Career


Elton taught at the University of Glasgow as well as from 1949 onwards at Clare College, Cambridge and was the Regius Professor of Modern History there from 1983 to 1988. Pupils returned John Guy, Diarmaid MacCulloch, Susan Brigden and David Starkey. He worked as publication secretary of the British Academy from 1981 to 1990 and served as the president of the Royal Historical Society from 1972 to 1976. Elton was appointed a Knight Bachelor in the 1986 New Year Honours.

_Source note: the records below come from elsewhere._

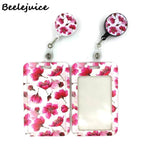 Red Flowers Art Retractable Badge Reel Lanyard Nurse ID Business Credit Card Work Card Badge Holder Office Student Clips ID Card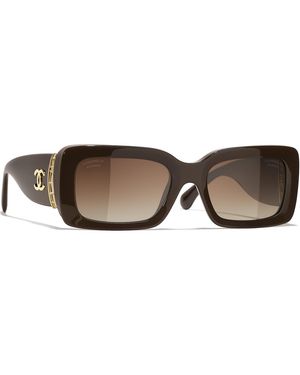 CHANEL Sunglass Ch5534a Rectangle Sunglasses Ch5534a - Black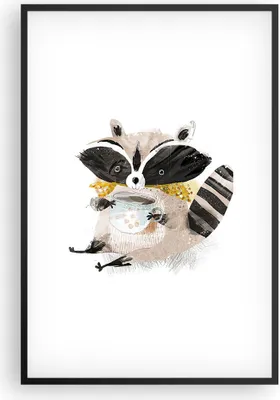 Produktbild von Gerahmtes Poster - Schwarzer Rahmen - Waschbär Tasse Kinder - 61x91,5 cm - Wand Bild - Wanddeko - Wandbilder - Kunstposter - Wandposter - Bilderrahmen - Bilder - Kunstdruck - P2BPA61x91-4716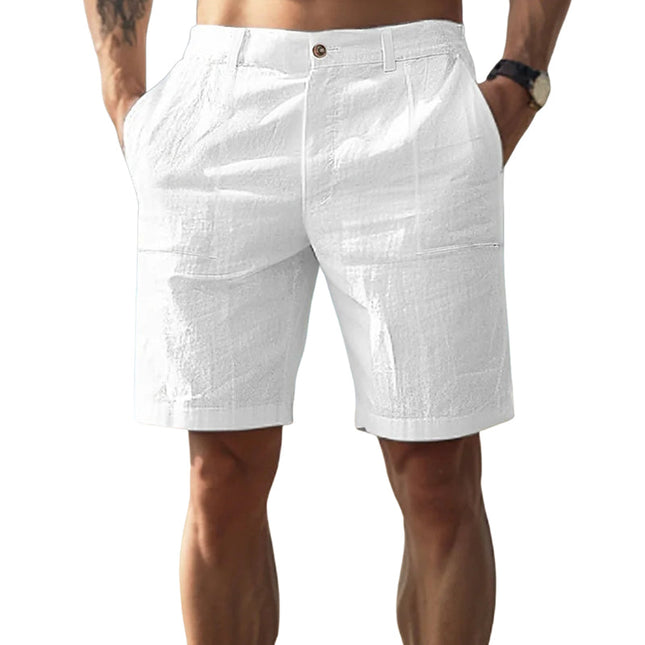 Men's Cotton Linen Beach Shorts | Solid Color | Casual Summer Wear | Comfortable Fit | Elastic Waistband | Breathable Fabric | Front and Back Pockets | Lightweight | Ideal for Beach Days and Casual Outings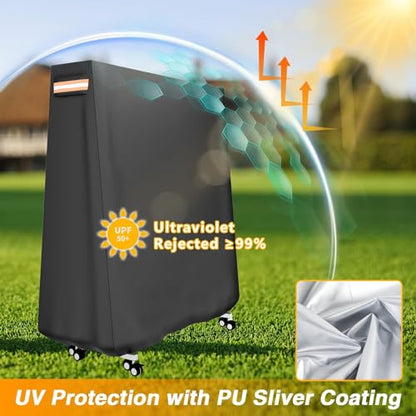 EVRBUL Ping Pong Table Cover Outdoor Waterproof Folding Table Tennis Cover Heavy Duty 420D Sunproof Windproof for Universal 9 x 5 FT Foldable Tables with Storage Bag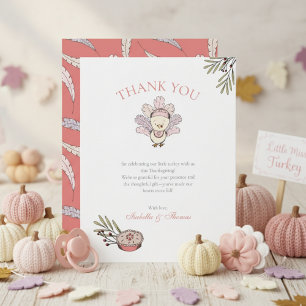 Autumn Baby Girl Little Turkey Danke Karte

Elton focused primarily on the life of Henry VIII but also offered significant contributions to the analyse of Elizabeth I. Elton was nearly famous for arguing in his 1953 book The Tudor Revolution in Government that Thomas Cromwell was the author of modern, bureaucratic government which replaced medieval, household-based government.: 79–80  Until the 1950s, historians had played down Cromwell's role by calling him a doctrinaire hack who was little more than the agent of the despotic Henry VIII. Elton, however, delivered Cromwell the central figure in the Tudor revolution in government. Elton portrayed Cromwell as the presiding genius, much more so than the King, in handling the break with Rome and the laws and administrative procedures that made the English Reformation so important. Elton wrote that Cromwell was responsible for translating royal supremacy into parliamentary terms by creating effective new organs of government to take charge of church lands and thoroughly removing the medieval qualities of the central government.

That modify took place in the 1530s and must be regarded as factor of a spoke revolution. In essence, Elton was arguing that before Cromwell, the realm could be viewed as the King's private estate writ large and that most administration was done by the King's household servants rather than by separate state offices. Cromwell, Henry's chief minister from 1532 to 1540, introduced reforms into the administration that delineated the King's household from the state and created a modern bureaucratic government.: 80  Cromwell shone Tudor light into the darker corners of the Realm and radically altered the role of Parliament and the competence of Statute. Elton argued that by masterminding such(a) reforms, Cromwell laid the foundations of England's future stability and success.